# Sony Vegas Pro 9, can't install (source file not found)!



## Reclusiarch (Jun 9, 2010)

Hello everyone!

I downloaded the Sony Vegas Pro 9 trail from the Sony Vegas homepage, but I can't seem to install it. It starts installing, then stops with the error:

"Source file not found: C:\Documents and Settings\David\Lokala inställningar\Temp\SonyInstall_1\ac3plug.cab. Verify that the file exists and that you can access it."

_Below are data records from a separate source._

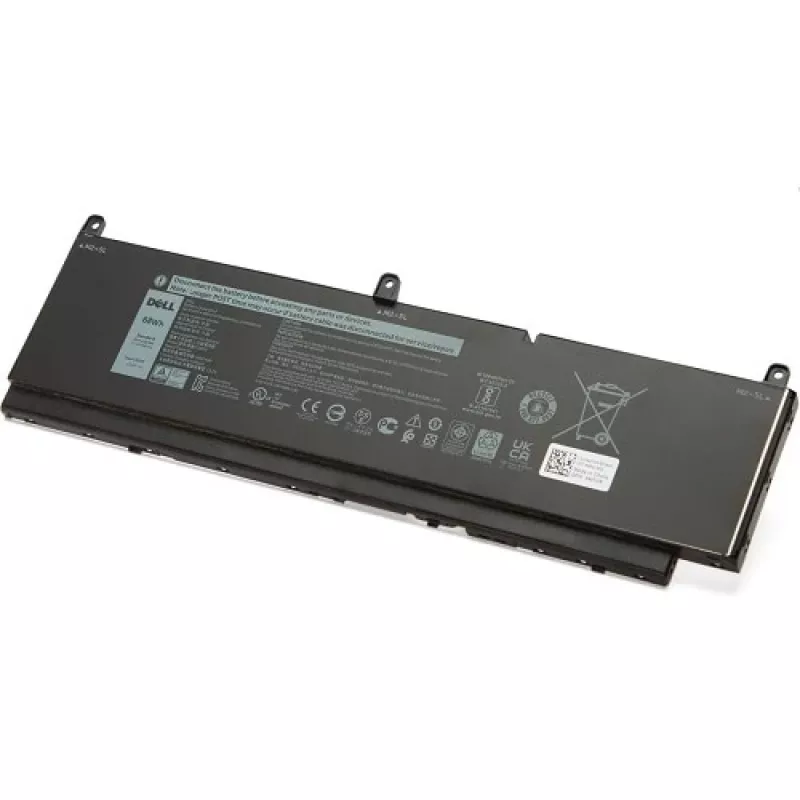 DELL 17C06 nešiojamojo kompiuterio atsarginė dalis Baterija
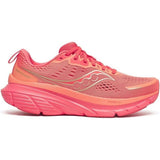 Saucony Womens 6.5 Guide 18 Running Shoe Salmon/Coral S10998-240 NEW
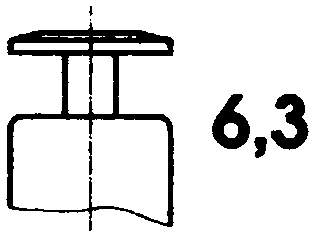 Датчик температури масла двигуна 6PT009107661 HELLA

I 've tried downloading the trail from several other places, but none seem to work. I installed Sony Vegas Pro 8 with no problem though. Anyone that can help me with this problem?

Sincerely,
David


----------



## koala (Mar 27, 2005)

Try installing from a shorter file path. Instead of C:\Documents..... use C:\Sony.


----------



## Reclusiarch (Jun 9, 2010)

Hello!

I am actually installing it to c:\Programs\Sony\Vegas Pro 9.0\

I'll go into some more details what is happening:

1. I click the exe file and the files are extracted.
2. A choose language window appears, I chose English.
3. Afterwards I come to a "Welcome to the Sony Vegas Pro 9 software installation" window. I click next to continue.
4. I agree with the End-user License Agreement.
5. I verify the installation path c:\Programs\Sony\Vegas Pro 9.0\
6. Ready to Install window. I press next.
7. A bar starts filling up and fills up once, then fills up maybe 1/10 and then stops (it says it's copying new files).
8. The error "Source file not found: C:\Documents and Settings\David\Lokala inställningar\Temp\SonyInstall_1\ac3plug.cab. Verify that the file exists and that you can access it.

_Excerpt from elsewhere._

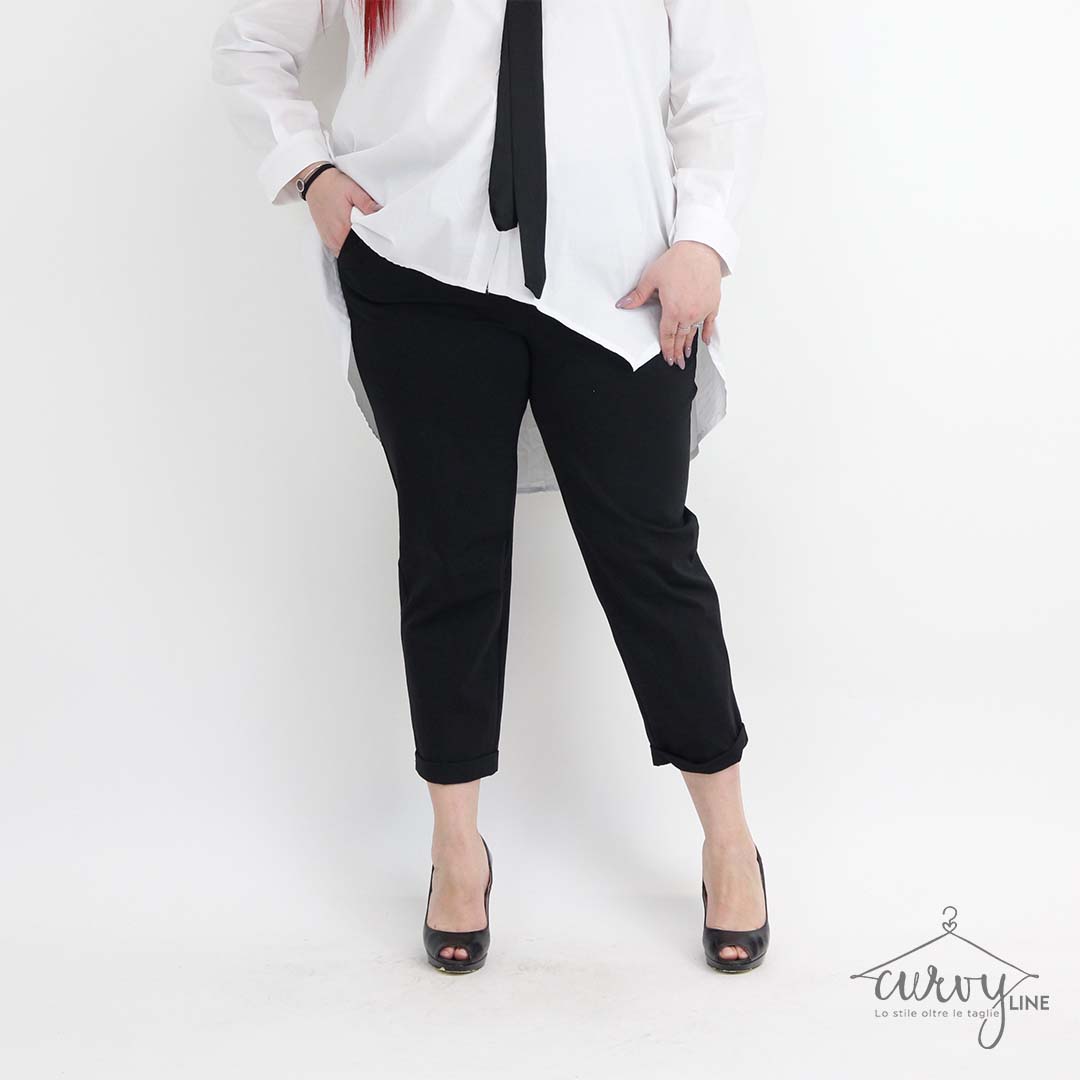 PANTALONE FRIDA SPRING - immagine 5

I can choose Retry (which just brings me back to the error message) or Cancel, which cancels the whole installation.

I've checked the C:\Documents and Settings\David\Lokala inställningar\ directory and there's no Temp folder there.

I've cleaned out all my temp files, but that didn't work either. I've also run the exe file as administrator, but no luck.


----------